For most of the 21st Century, Nevada has worked to try and conserve sage grouse habitat, in part to prevent its listing.
Among the dangers facing the grouse is the conversion of its preferred sagebrush habitat to piñon pine and juniper.
Fires that eliminate habitat and isolate populations are one of the key threats to the bird.
The wildlife service issued a proposed rule to list the bi-state sage grouse in October 2013.
In June 2014, the government closed public comment with a half dozen letters of commitment that would provide $45 million to help improve grouse habitat and a report that the bird’s population was stable.
The study prepared by the U.S. Geological Survey and the Bureau of Land Management indicated that the population was stable and that efforts were being made to improve the bird’s habitat. In response the proposal to list the bi-state grouse as endangered was withdrawn.
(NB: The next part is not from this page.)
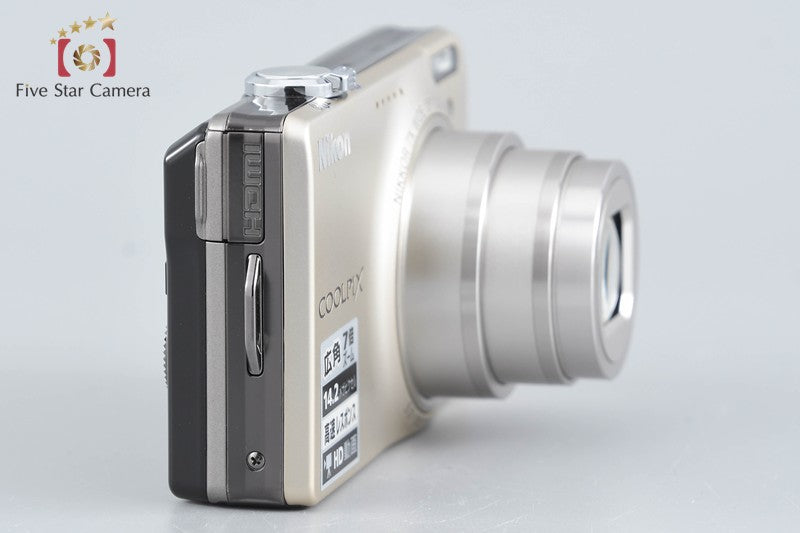 Nikon COOLPIX S6000 Champagne Silver 16.0 MP Digital Camera
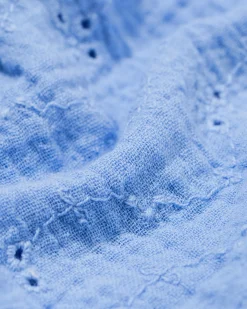 babykledingset broderie blauw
Opponents claimed the withdrawal failed to adhere to best available science and the service unlawfully defined range as the area inhabited by the bird at time of listing, instead of its historical range.
The also said that concluding a species inhabiting less than half of its original habitat could afford to lose three of its six remaining populations and not be at risk of extinction.
In questioning the study, which predicted positive growth in the Pine Nuts population unit, the plaintiffs pointed out that of the 10 leks observed in 2013, non had a male strutting, which only one had a male strutting in 2014.
Even in its notice of withdrawal, the service said it was treating results for the Pine Nut population with caution.
The study’s authors also had no data from two of the geographically largest population units.